→ **About this task**:
The required result is an exact copy of every line from the one with "FLIR ONE Pro, termografia" through the last line below, with the pictures left out.

:: Provided data

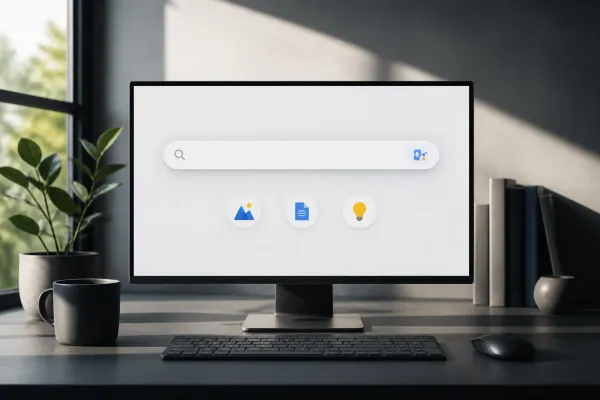 Google Tests AI Mode Shortcuts on Desktop Search for Images, Files and Brainstorming
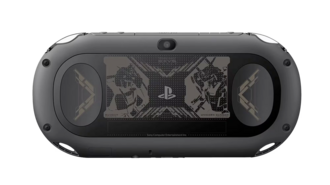 Black Gundam: Extreme VS ForcePlayStation Vita PCH-2000 series, Back Side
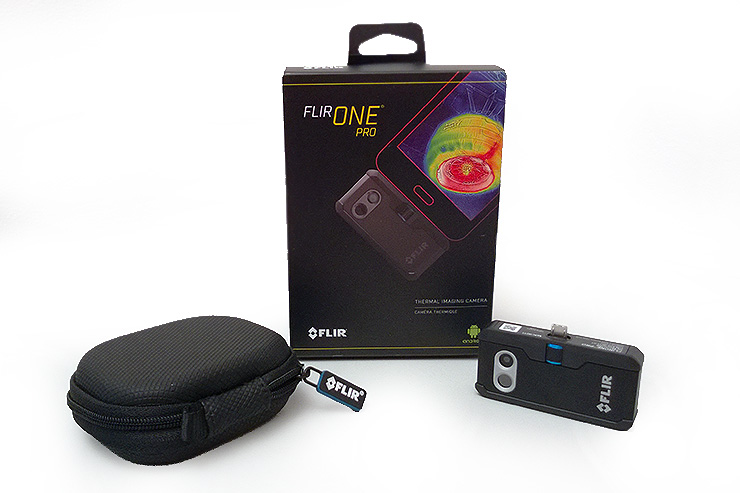 FLIR ONE Pro, termografia professionale a portata di smartphone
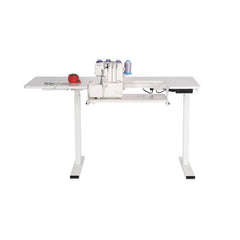 Eleanor II Sewing Table - Ash White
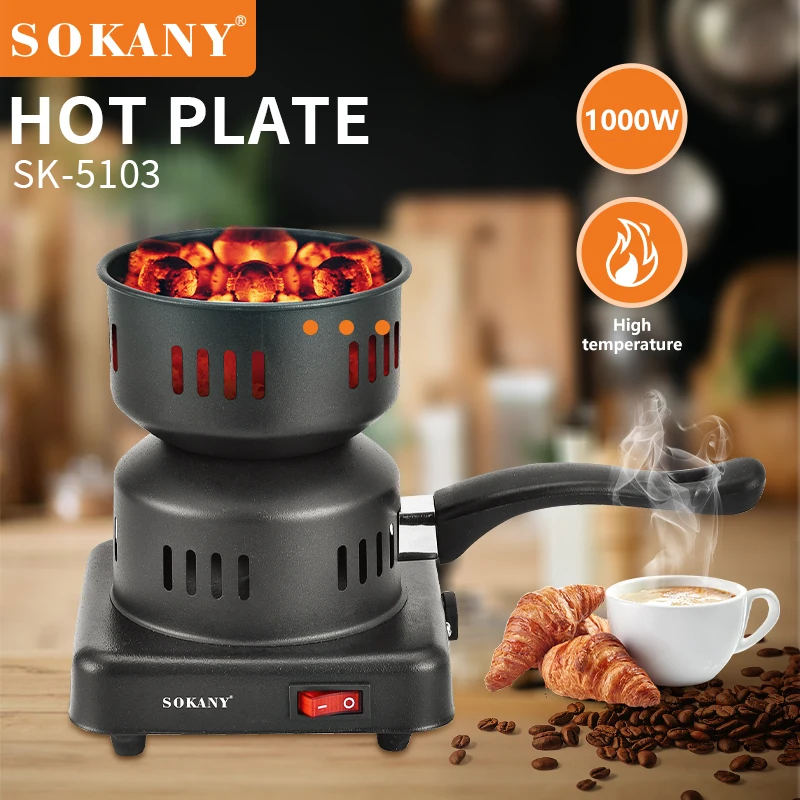 Електрично ѓезве Sokany Hot Plate SK-5103 - Image 9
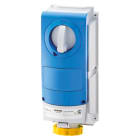 GEWISS - GEWGW66535 PRESA BL.IP66 S.F.2P+T 16A 110V 4H DIR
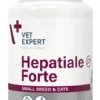 VetExpert Preparat na wątrobę Hepatiale Forte Small Breed&Cats dla psa i kota op. 40 KAPSUŁEK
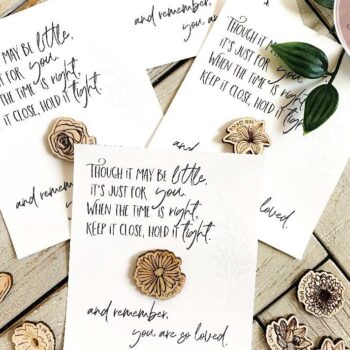 Intra απο ξύλο plywood 3mm-4mm πάχος – Pocket Hug Laser Δίασταση  20x20 cm INTRAFABR-75556465 - Image 2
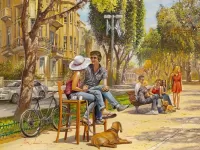 Пазл Солнечный день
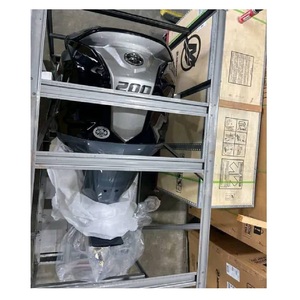 Moteur de bateau hors-bord 4 temps Mercury 275 hp d'occasion - Product Image 2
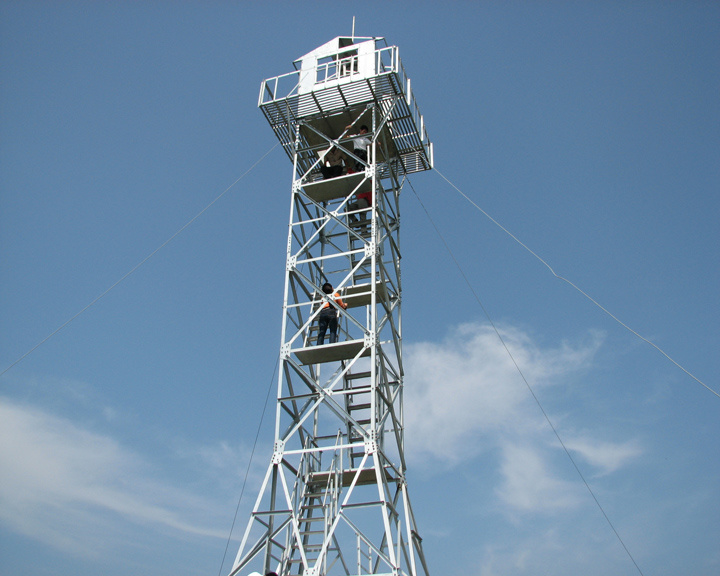 Galvanized Angel Steel Coast Look out Tower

::::

→ **Solution to the problem**:
 FLIR ONE Pro, termografia professionale a portata di smartphone
 Eleanor II Sewing Table - Ash White
 Електрично ѓезве Sokany Hot Plate SK-5103 - Image 9
 GEWISS - GEWGW66535 PRESA BL.IP66 S.F.2P+T 16A 110V 4H DIR
 VetExpert Preparat na wątrobę Hepatiale Forte Small Breed&Cats dla psa i kota op. 40 KAPSUŁEK
 Intra απο ξύλο plywood 3mm-4mm πάχος – Pocket Hug Laser Δίασταση  20x20 cm INTRAFABR-75556465 - Image 2
 Пазл Солнечный день
 Moteur de bateau hors-bord 4 temps Mercury 275 hp d'occasion - Product Image 2
 Galvanized Angel Steel Coast Look out Tower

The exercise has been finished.